So, if the Favourite Team wins 82 to 75 and was giving 15.5 points start, then Favourite HAM is 82-75-15.5 = -7.5 points, meaning that the Favourite Team lost by 7.5 points on handicap.

Home HAM will be the same as Favourite HAM if the Home Team is Favourite. Otherwise Home HAM and Favourite HAM will have opposite signs.

There is one other definitional detail we need to deal with and that is which handicap to use. Each week a number of betting shops publish line markets and they often differ in the starts and the prices offered for each team. For this blog I'm going to use TAB Sportsbet's handicap markets.

TAB Sportsbet Handicap markets work by offering even money odds (less the vigorish) on both teams, with one team receiving start and the other offering that same start. The only exception to this is when the teams are fairly evenly matched in which case the start is fixed at 6.5 points and the prices varied away from even money as required. So, for example, we might see Essendon +6.5 points against Carlton but priced at $1.70 reflecting the fact that 6.5 points makes Essendon in the bookie's opinion more likely to win on handicap than to lose. Games such as this are problematic for the current analysis because the 'true' handicap is not 6.5 points but is instead something less than 6.5 points. Including these games would bias the analysis - and adjusting the start is too complex - so we'll exclude them.

So, the question now becomes is HAM Home, defined as above and using the TAB Sportsbet handicap and excluding games with 6.5 points start or fewer, normally distributed with zero mean? Similarly, is HAM Favourite so distributed?

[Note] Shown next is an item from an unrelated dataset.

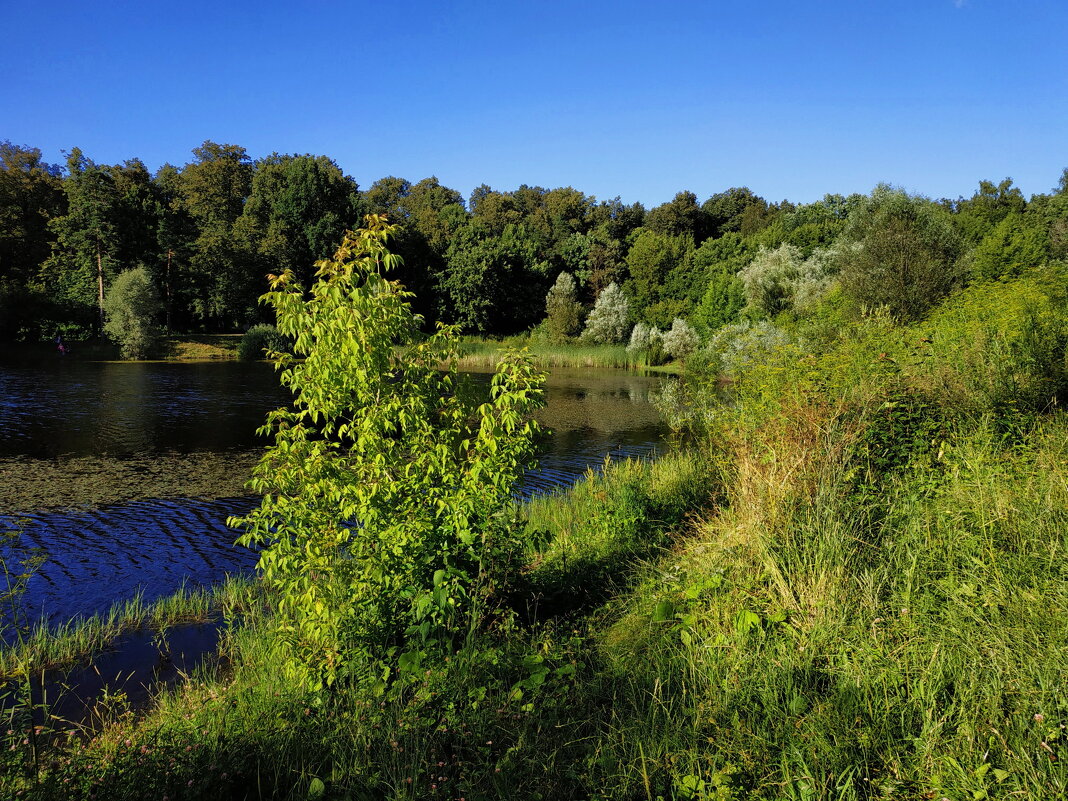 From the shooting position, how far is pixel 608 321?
48344 millimetres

We should expect HAM Home and HAM Favourite to have zero means because, if they don't it suggests that the Sportsbet bookie has a bias towards or against Home teams of Favourites. And, as we know, in gambling, bias is often financially exploitable.

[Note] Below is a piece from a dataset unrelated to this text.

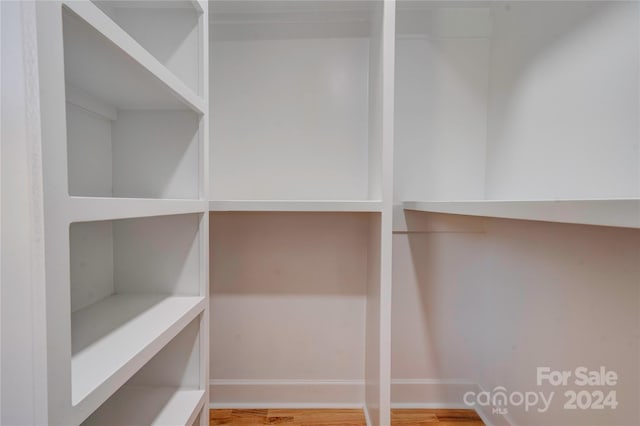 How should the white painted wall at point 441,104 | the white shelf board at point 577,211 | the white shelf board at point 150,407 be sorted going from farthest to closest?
the white painted wall at point 441,104 → the white shelf board at point 150,407 → the white shelf board at point 577,211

There's no particular reason to believe that HAM Home and HAM Favourite should follow a normal distribution, however, apart from the startling ubiquity of that distribution across a range of phenomena.

Consider first the issue of zero means.

The following table provides information about Home HAMs for seasons 2006 to 2008 combined, for season 2009, and for seasons 2006 to 2009. I've isolated this season because, as we'll see, it's been a slightly unusual season for handicap betting.

Home_HAM.png

Each row of this table aggregates the results for different ranges of Home Team handicaps. The first row looks at those games where the Home Team was offering start of 30.5 points or more. In these games, of which there were 53 across seasons 2006 to 2008, the average Home HAM was 1.1 and the standard deviation of the Home HAMs was 39.7. In season 2009 there have been 17 such games for which the average Home HAM has been 14.7 and the standard deviation of the Home HAMs has been 29.1.

The asterisk next to the 14.7 average denotes that this average is statistically significantly different from zero at the 10% level (using a two-tailed test). Looking at other rows you'll see there are a handful more asterisks, most notably two against the 12.5 to 17.5 points row for season 2009 denoting that the average Home HAM of 32.0 is significant at the 5% level (though it is based on only 8 games).

At the foot of the table you can see that the overall average Home HAM across seasons 2006 to 2008 was, as we expected approximately zero. Casting an eye down the column of standard deviations for these same seasons suggests that these are broadly independent of the Home Team handicap, though there is some weak evidence that larger absolute starts are associated with slightly larger standard deviations.

For season 2009, the story's a little different. The overall average is +8.4 points which, the asterisks tell us, is statistically significantly different from zero at the 5% level. The standard deviations are much smaller and, if anything, larger absolute margins seem to be associated with smaller standard deviations.

Combining all the seasons, the aberrations of 2009 are mostly washed out and we find an average Home HAM of just +1.6 points.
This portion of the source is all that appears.